Function enrichment analysis in two key modules
In order to study the role of core genes, we conducted enrichment analysis and explored the pathways involved in BP and these two key modules. GO enrichment of BP by DAVID shows that, Recurrence of core set of genes is mainly enriched in regulation of phosphorus metabolic process, regulation of phosphate metabolic process, regulation of phosphorylation, the response to hypoxia, the response to oxygen levels, Regulation of protein amino acid phosphorylation (FIG. 11,12,13,).

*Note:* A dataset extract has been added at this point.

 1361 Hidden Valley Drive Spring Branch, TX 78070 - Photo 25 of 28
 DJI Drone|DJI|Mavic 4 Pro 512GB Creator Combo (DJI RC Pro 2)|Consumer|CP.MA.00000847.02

Survival analysis of Core gene
Genes with significant interactions in the recurrence group included PSEN2, GLT1D1, MAP1A, RBM43, FDFT1, SOCS3, RPL5, SRSF11, COPS5, SMG7, TSPAN2, CYP2C19, AAMP, GPR137B, TGFBR1, HEBP2, C2orf57, GRM1, CDK2AP2, WDR5B, NUPL2, BPIL1, CLDN11, TNFRSF1A, ADIPOQ, TRIB2, FOXN1,CRYM, ELMO2, PENK, TPK1, FN3KRP, CINP, KCNK3, LDHA, TFPI, POU2F2, FGF17.In order to further study the influence of core genes on the prognosis of patients, we studied the influence of core genes on the prognosis by grouping the expression amount. Relapse group at the core of the correlated with prognosis of genes and gene TGFBR1, TFPI, SRSF11, SOCS3, RPL5, RBM43, POU2F2, NUPL2, MAP1A, GRM1, GLT1D1, FOXN1, FN3KRP, FGF17, CYP2C19, CRYM, COPS5, ELMO2, CLDN11, C2ORF57, CINP, ADIPOQ, AAMP,16,17 (Fig14, 15).
Identifcation of hub genes in the Salmon module and Darkorange module
We submitted the core gene set related to prognosis to the protein interaction of STRING, with the binding confidence interval of truncation set at 0.4. In Plugin Molecular Complex Detection (MCODE), significant mondels with strong protein-protein connections are calculated and selected, with default parameters (degree cut≥2, node score cut≥2, k-core ≥2, maximum depth =100). In order to P<0.05 was considered statistically significant. The candidate genes of node degree were sequenced and the core genes were selected for further analysis. Figure 18 shows the hub genes for SRSF11 TRIM39, SOCS3, NUPL2, COPS5.